My first stab at a food column. Lots of lifestyle writers have this down to a fine art. I hacked through it.
By Jesse Ferreras, Pique Newsmagazine
August 25, 2011
When you mow down a cheeseburger, do you think about where it comes from? About the cows whose meat makes up the patty, or about the fields that yield the lettuce?
I don’t – or, at least, I didn’t until last Sunday when I took part in my first Slow Food Cycle Sunday.
In three years of writing about Pemberton I had never experienced first-hand the community’s signature event. Held every summer now for five years (there was no event in 2009), it’s a chance to marvel at the bounty that nature has bestowed on the Pemberton Valley, and how that bounty travels from the ground to your plate.
The Slow Food Cycle began in 2005. Organized in its early years by Pemberton residents Anna Helmer and Lisa Richardson, they saw it as a way to raise awareness of agriculture at a time that development pressures were encroaching on the Pemberton Valley. The first ride marshalled 400 cyclists and the event has grown by leaps since then, attracting as many as 3,000 riders in the summer of 2010.
My first Slow Food Cycle is something of a family affair. I come up from the city on Sunday morning with my mother and father and together we embark on the long trip up the valley. The whole ride covers about 50 kilometres, but we’re not confident of making it all the way.
When the three of us reach a checkpoint at the Miller Creek bridge, we learn at 12:30 p.m. that we are the day’s 3,120th, 3,121st and 3,122nd participants. There are riders ahead and behind us, riding just about every variety of bicycle in existence. By the end of the day an estimated 4,000 cyclists will have taken part… a new record.
You start in the Village of Pemberton, signing up for the ride in amidst simple homes and commercial centres decorated to look like they belong in a John Ford western. Then you’re pointed north, instructed to travel along the Pemberton Meadows Road and visit a series of stations along the way.
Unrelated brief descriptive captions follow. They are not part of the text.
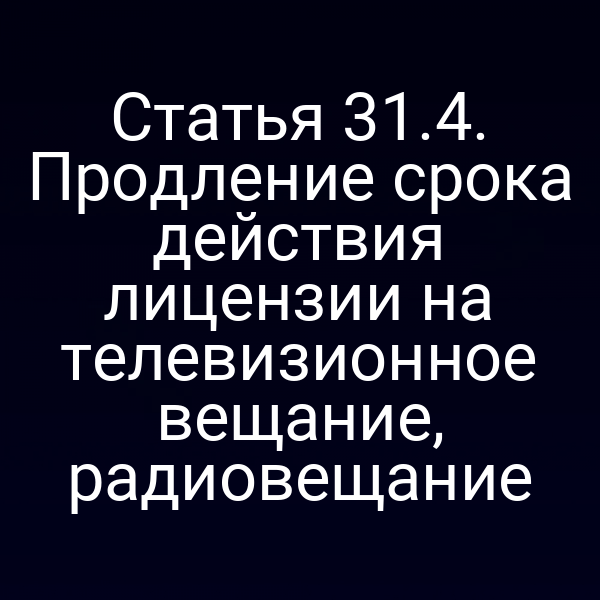 Статья 31.4. Продление срока действия лицензии на телевизионное вещание, радиовещание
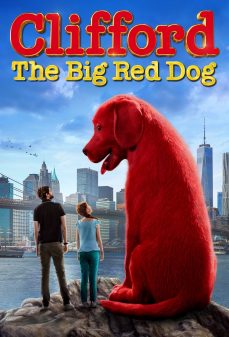 مشاهدة وتحميل فلم Clifford the Big Red Dog كليفورد الكلب اﻷحمر الكبير اونلاين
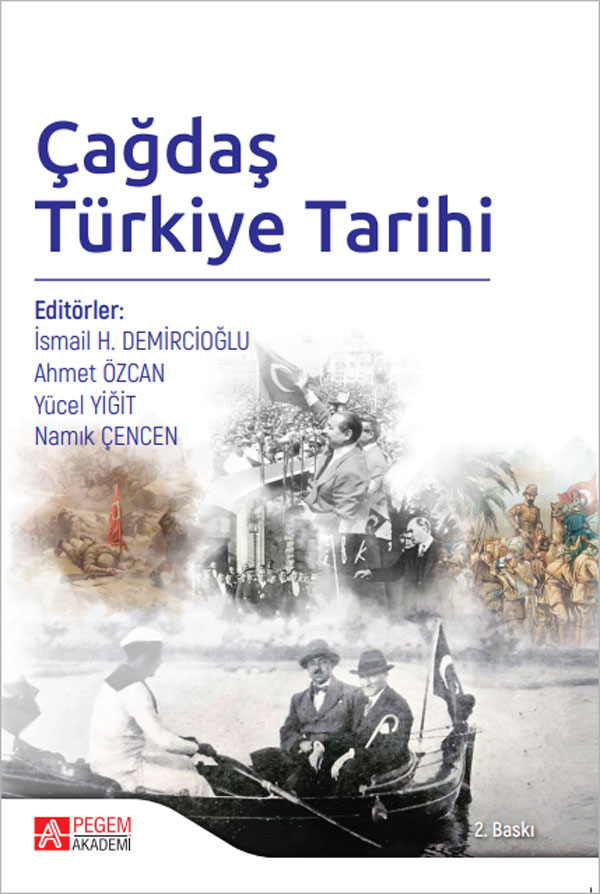 Çağdaş Türkiye Tarihi Çağdaş Türkiye Tarihi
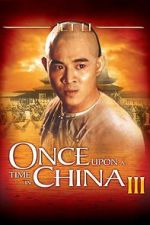 Watch Once Upon a Time in China III Movie2k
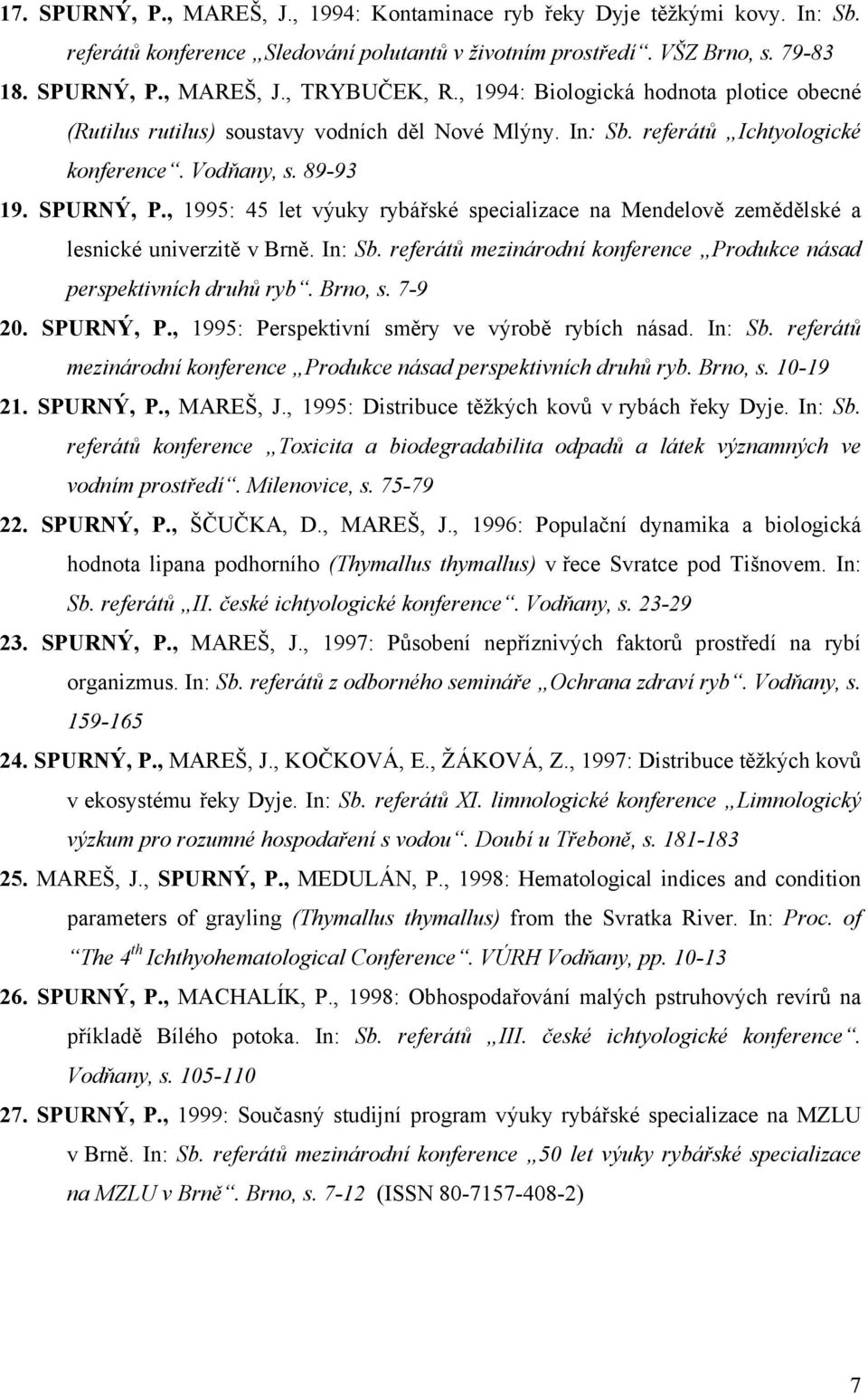 , 1995: 45 let výuky rybářské specializace na Mendelově zemědělské a lesnické univerzitě v Brně. In: Sb. referátů mezinárodní konference Produkce násad perspektivních druhů ryb. Brno, s. 7-9 20.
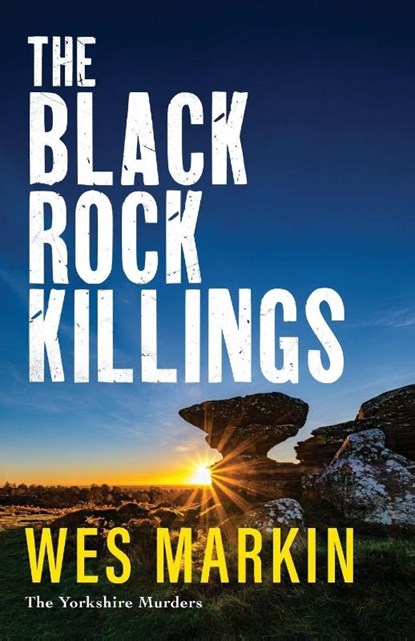 The Black Rock Killings, Wes Markin - Paperback - 9781804837993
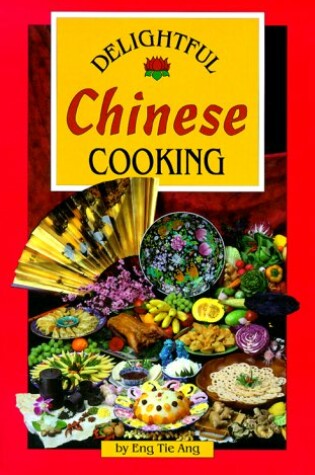 Cover of Delightful Chinese Cooking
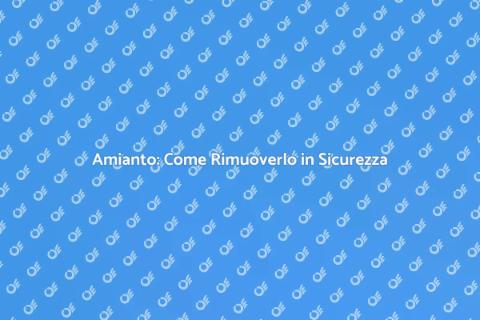 Rimozione Amianto: Sicurezza Prima di Tutto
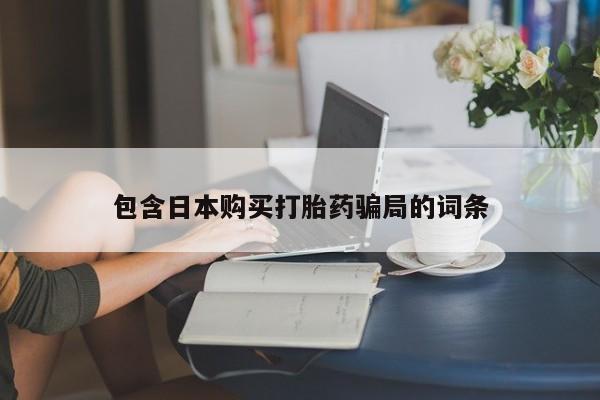 堕胎药购买联系包含日本购买打胎药骗局的词条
The first place we stop is the Pemberton Valley Coffee Company and it’s obvious from the outset that the Slow Food Cycle has moved well beyond its origins to embrace Pemberton businesses alongside agricultural producers.
Here, in the courtyard, Pemberton funk artist Papa Josh entertains a crowd as they enjoy food samples from outlets such as the coffee company, Blackbird Bakery and Nonna Pia’s Balsamic Reductions, which provides four samples of balsamic vinegar. It’s one of the few food samples I’ll actually try all day, owing to my late start on the ride.
Not being a fan of vinegar, these samples are pleasant surprises. One’s classic; others are tinged with flavours like rosemary, lemon and ginger. You get a taste by dipping little pieces of bread into vinegar mixed with oil. It’s how they do it in Europe and it’s about 9,000 times better than slathering your bread with butter.
From there we travelled a fair distance before arriving at our next stop: Riverlands, a 1,240-acre property that leases lots of agricultural land to farmers who follow organic and sustainable practices. Investors at Riverlands include Namasthé Tea and Across the Creek Organics, a prominent producer of the famed Pemberton potato.
At this stop, the Riverlands’ owners have set up an exhibition for Pemberton artists Lynn Pocklington, Karen Love and Dave Steers in a barn. Together they exhibit images of wildlife and nature, with more than a few recreations of the iconic Mount Currie, which towers over the valley and signals to every dyed-in-the-wool Pembertonian that they’re home.
Outside the barn, meanwhile, is a bike sculpture/water wheel designed by Pemberton sculptor Martin Dahinden, who is otherwise known around Pemberton for “eco-tekture” such as a house he made of 85 per cent recycled material.
Around the property you can get a sno-cone, a cup of Namasthe Tea or purchase produce inside the barn. I suggest to my parents, both of them keen epicureans, that they get a pound of Pemberton potatoes. They get a bag of Sieglinde potatoes, spuds that already taste like they’ve been buttered.
From there it’s off to our last stop of the day, Helmers’ Organic Farm toward the far end of the valley. Run by Doug and Jeanette Helmer, mother and father of organizer Anna, this property has been in the family for 100 years.
It lies beneath Copper Dome and the Camel’s Back, two mountains that in the summer of 2009 bore witness to unprecedented forest fires that forced a temporary cancellation of the Slow Food Cycle.
The farm bustles with activity when we arrive. The Helmers tend to a stand where they’re selling all variety of potatoes. I pick up a bag – the very first I have purchased from Pemberton proper.
By the time we leave the Helmer farm we’re too tired to go any further. We get back to the car and I’m dropped off at my place in Whistler, where with potatoes in hand I’ve enough for a steak dinner.
I prepare a T-Bone and slather it with barbecue sauce and cook the potatoes as a side dish. The things are bloody delicious… and all the more so because I know precisely where they came from.